Production Runbook: vLLM OOMKilled Recovery
When your inference pod dies mid-request with exit code 137. What to check, what to fix, and how to stop it from happening again.
Severity: High (production inference down) Audience: On call engineer Prerequisites: kubectl access, namespace admin, GPU node SSH if needed Time to resolve: 15 to 45 minutes
Symptom
Your vLLM pod restarted during normal traffic. Users saw 503 errors for the duration of the restart. The pod eventually came back but might OOM again on the next large request.
Signals you are in this runbook:
$ kubectl get pod vllm-0
NAME READY STATUS RESTARTS AGE
vllm-0 1/1 Running 3 2h
$ kubectl describe pod vllm-0 | grep -A3 "Last State"
Last State: Terminated
Reason: OOMKilled
Exit Code: 137
Exit code 137 means the container received SIGKILL from the kernel OOM killer. Not from a crash. Not from vLLM code. The kernel decided the container used too much memory and killed it.
Quick Triage: Is This GPU Memory or Host Memory?
This is the first branch. vLLM has two memory failure modes and they need different fixes.
Check pod events:
kubectl describe pod vllm-0 | grep -A2 -i "oom\|killed"
If you see “Memory cgroup out of memory” in kubelet events: This is host memory OOM. The container exceeded its resources.limits.memory. Jump to Procedure A.
If you see “CUDA out of memory” or “torch.cuda.OutOfMemoryError” in vLLM logs: This is GPU memory OOM. The model tried to allocate more VRAM than available on the device. Jump to Procedure B.
If you see both or cannot tell: Pull the last 200 lines of logs from the previous container:
kubectl logs vllm-0 --previous --tail=200 | grep -iE "oom|memory|cuda|killed"
Look for the first memory related error. That is the trigger. Everything after is cascade.
Procedure A: Host Memory OOM (exit 137, kernel killed the container)
What happened: the container exceeded resources.limits.memory. Kubernetes killed it.
Root causes, ranked by frequency:
Memory limit set too low for the model size (most common)
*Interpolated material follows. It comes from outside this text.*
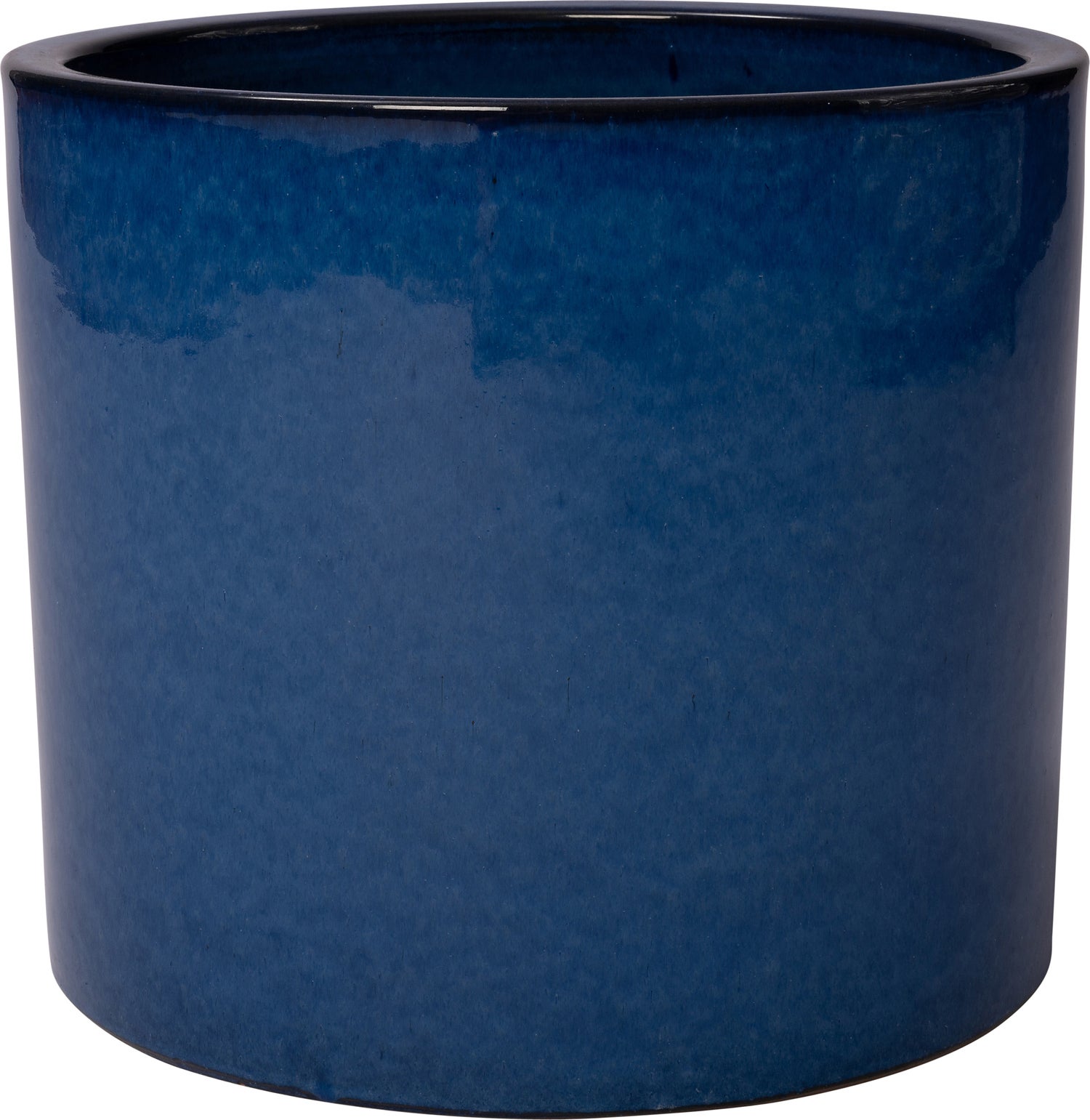 Intratuin bloempot Cilinder blauw D 24 H 21 cm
Prefix caching or KV cache overflow into host memory via swap or CPU offload
Memory leak in vLLM (rare, usually requires version upgrade)
Step 1: Confirm the limit violation
# What was the memory limit?
kubectl get pod vllm-0 -o jsonpath='{.spec.containers[0].resources.limits.memory}'
# Example output: 32Gi
# What did it actually use before death?
kubectl top pod vllm-0 --containers 2>/dev/null || echo "metrics-server needed"
If limits are 32Gi and a 70B model needs host memory to mirror the weights during load, you will hit the limit on startup.